Ultimately, it's going to take developers alot of guts to break the genre barriers. There are, however a few games out there that might end up breaking the genre.
Alan Wake would be a great example. Yes, there's gunplay, but the main focal point is to tell a story and incorporate some great horror/adventure elements into it.
Ultimately, you could EASILY do a great FPS game that was non-violent and neat using UE3 or Oblivion's engine. I always thought maybe doing a mystery game using Radiant AI (Oblivion's AI engine), and an Oblivion-type world, but modern for maybe a mystery who-done-it sort of game would be interesting. Ultimately, you could use Wii or standard controls to do alot of things with games anymore. The horsepower is there on 360/PS3 to have some ultra-impressive (both visually and gameplay wise) for all kinds of great cenematic elements.
With all the advances in AI, lighting, improvements to dialogue, disk space, and such, we could see some great adventure games out there that use the greatness of the 3 next-gen systems to make some really fun games. One day, hopefully a few devs end up doing more games like Alan Wake, Banjo Kazooie, and such.

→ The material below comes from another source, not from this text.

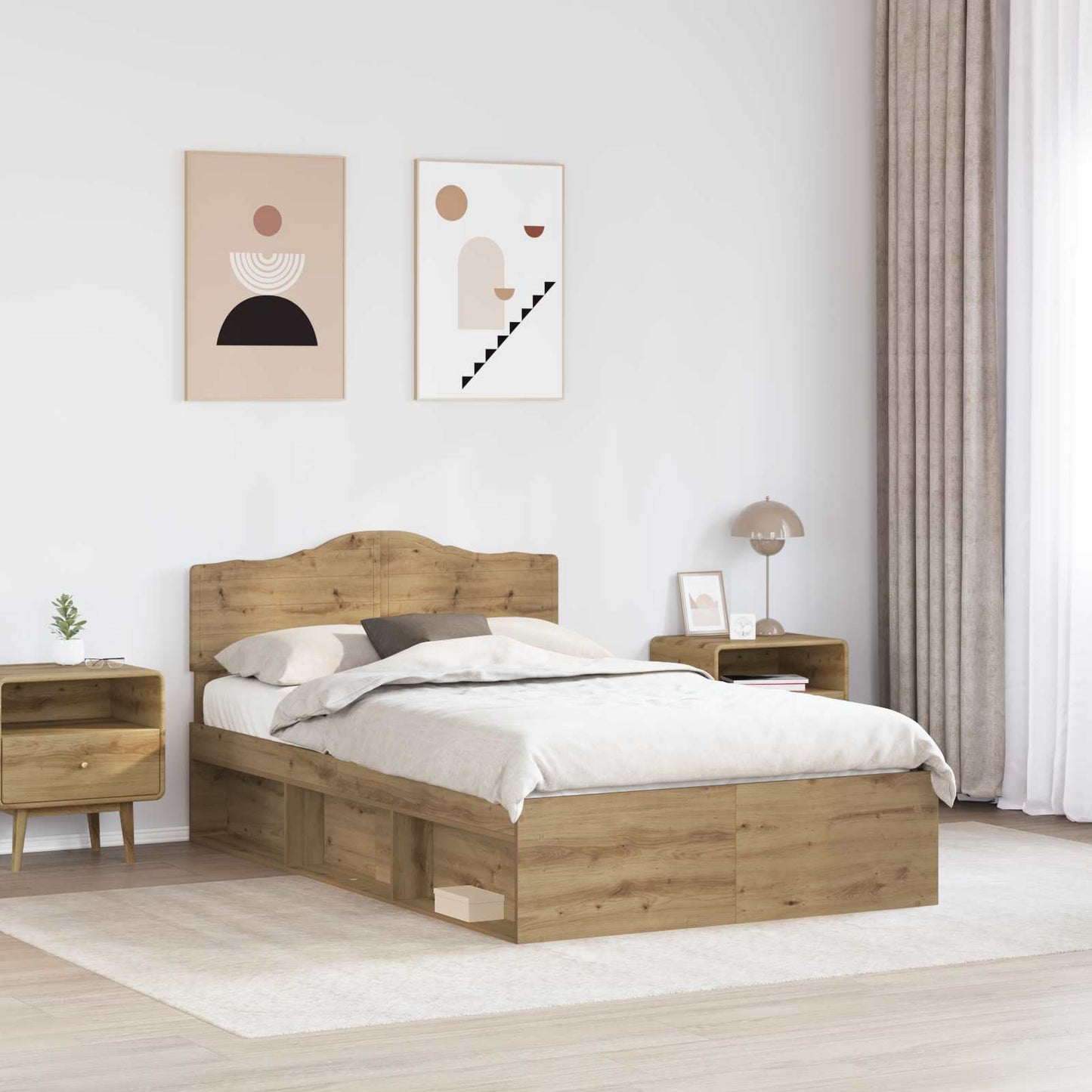 Sengestamme Kunstnerisk Eik 120 x 190 cm Massiv furu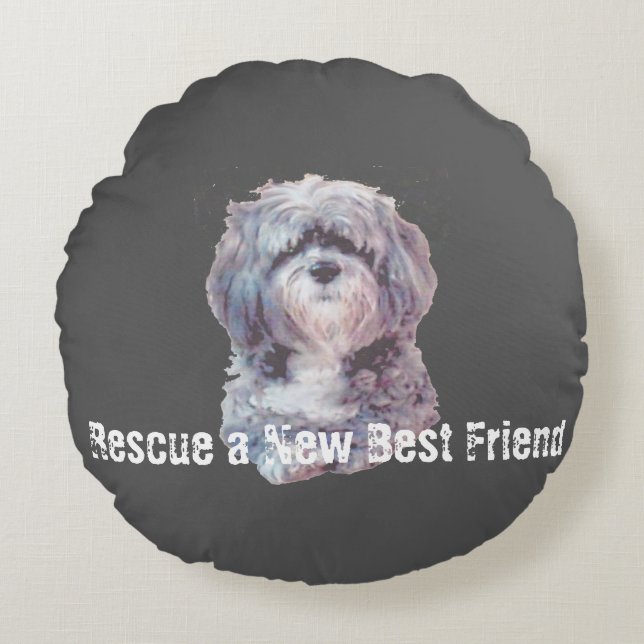 Rescue Dog Round Pillow Rond Kussen (Voorkant)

Ultimately, there will be a compromise of the M-rated games and the E-rated games. I think Crackdown without the violence would be a good seller - half of the game was a better-than-Mario platformer because of the sheer amount of things you could do. Heck, the reason I love GTA isn't the violence, but the open-ended gameplay and huge world to explore, ala Oblivion. I feel that many gamers probably buy games like those not to merely just kill people, and save the princess, but to explore a large world to excape to. One day, hopefully devs wake up and realize the storytelling medium of video games lags far behind AI and every other element of the video game experience.